I want to make photos of some furniture items as close as what they do in expensive catalogs. I have two lamps 500 watts each but these cast sharp shadows. I made two large reflectors using aluminum foil but these don't give enough lighting. Furniture is coated with woodgrain-like coating which is not embossed and is fairly reflective, so if there isn't a huge amount of light, it looks almost like it's solid color.

I ordered an umbrella and I'm waiting for it now but I was hoping to get some advice from experienced folks!

Do I need more powerful light? More umbrellas?

I also ordered a tripod, and I hope to try to take picture with longer shutter speed (is that how it's called?)..

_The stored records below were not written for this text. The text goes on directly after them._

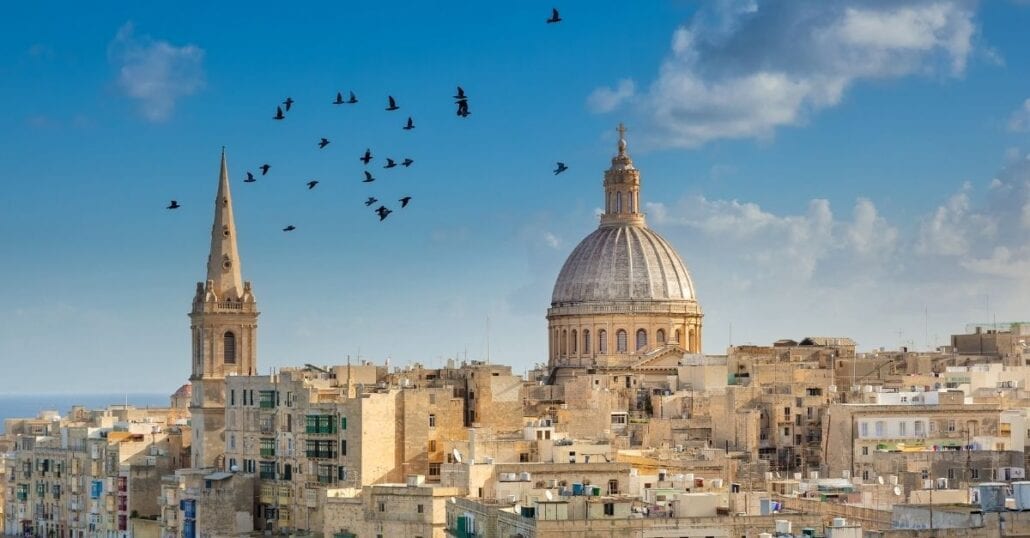 View of birds flying over Valletta, the capital of Malta, during a clear day.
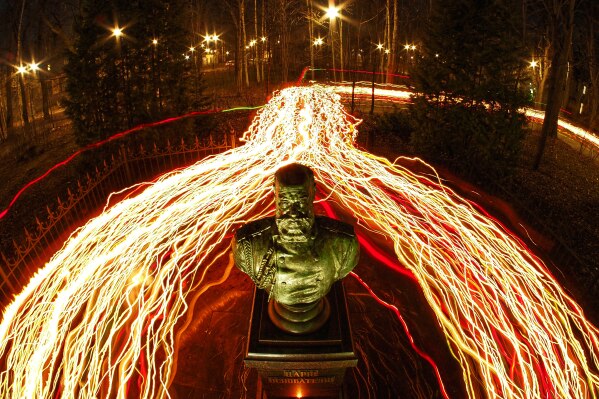 In this long exposure photo, Orthodox believers walk with candles past a bust of the Russian Tsar Alexander III installed near a church during Orthodox Easter midnight service in St. Petersburg, Russia, Sunday, April 12, 2026. (AP Photo/Dmitri Lovetsky)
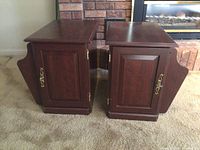 Photo showing both wooden side cabinets with front doors and attached side magazine racks, displaying overall design and condition.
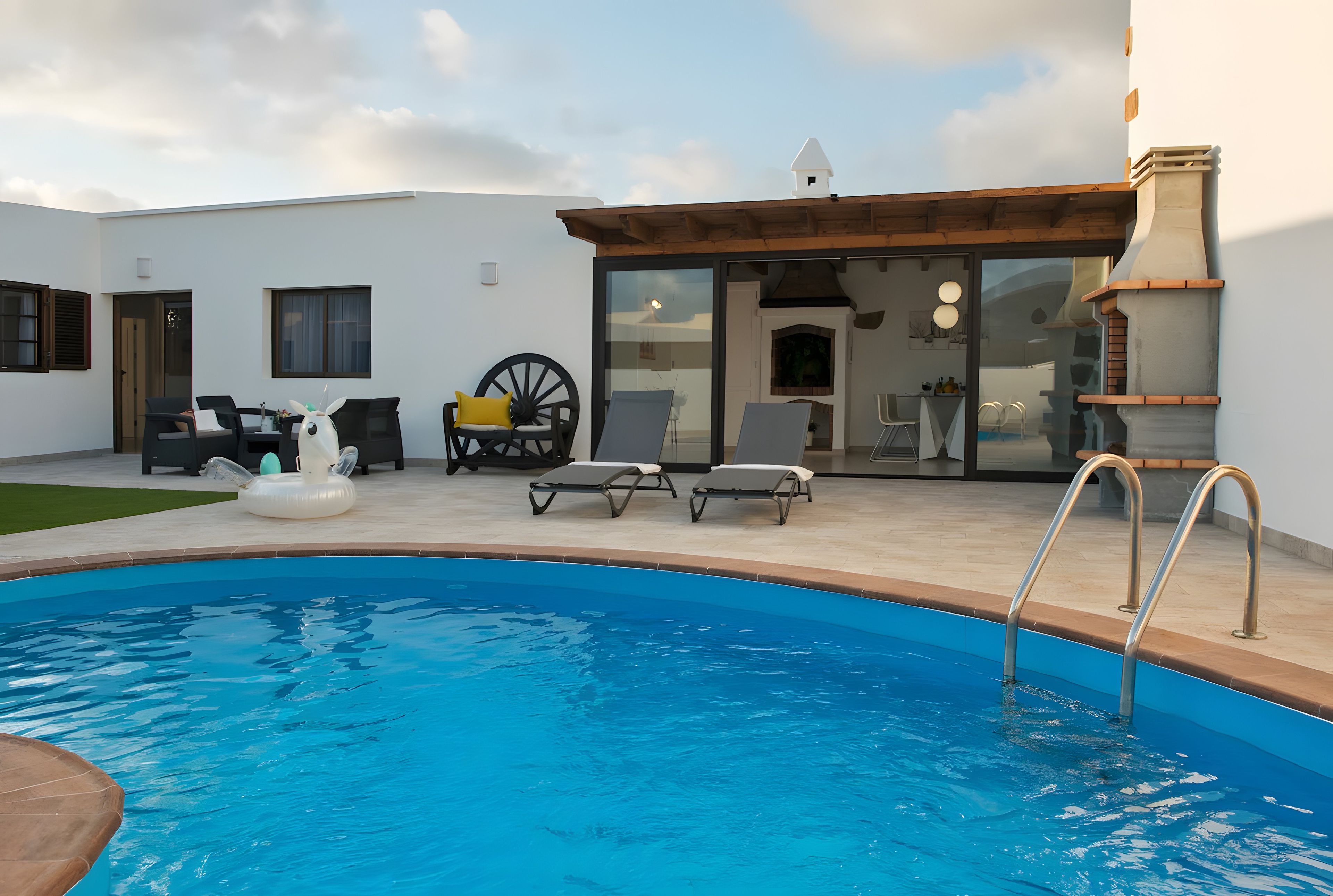 A swimming pool with lounge chairs and a wooden deck.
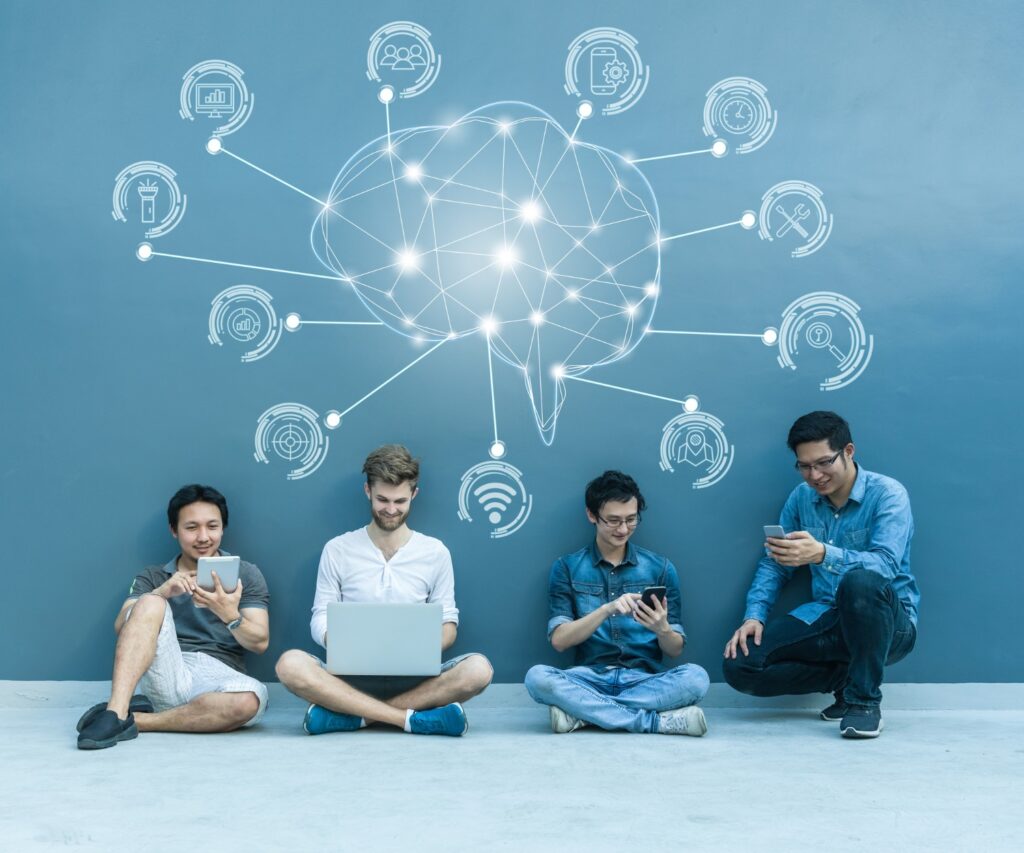 Four young people sitting on the floor with laptops, brainstorming together.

Is umbrella used to cast the light that is uniform enough for background to be cut out in photoshop using magic wand? I see in catalogs they sometimes have pieces of furniture on perfectly white background, I assume they cut it out somehow? I tried doing it in photoshop with quickmask but it doesn't look very good, you can see a little specks of background in some spots and in others I cut too much and it looks like the chest was gnawed on by termites.

Thanks,

 - Andrei


----------



## Dew (Jul 31, 2003)

im not sure how everybody does it, but i've watched my hubby complete a catelog for a toy company and it was lots of photoshop work... im sure u can almost attain the same results with the proper lighting ... he even had to fake shadows   ... and used lots of layers in photoshop for color richness...  keeping in mind that most of the time, the photos have to go to print and the client wants to represent their product under the best "light"


just one piece of advice for ya, in these catelogs, dont beleive that everything u see is "real"


----------



## riany (Aug 1, 2003)

Thanks Dew, I'll try photoshopping the hell out of it..


----------



## metroshane (Aug 1, 2003)

You also want to stay away from the sharp light.  If you have just two 500Watt lamps (too strong in my opinion) try hanging a white sheet in front of them to difuse the light.


----------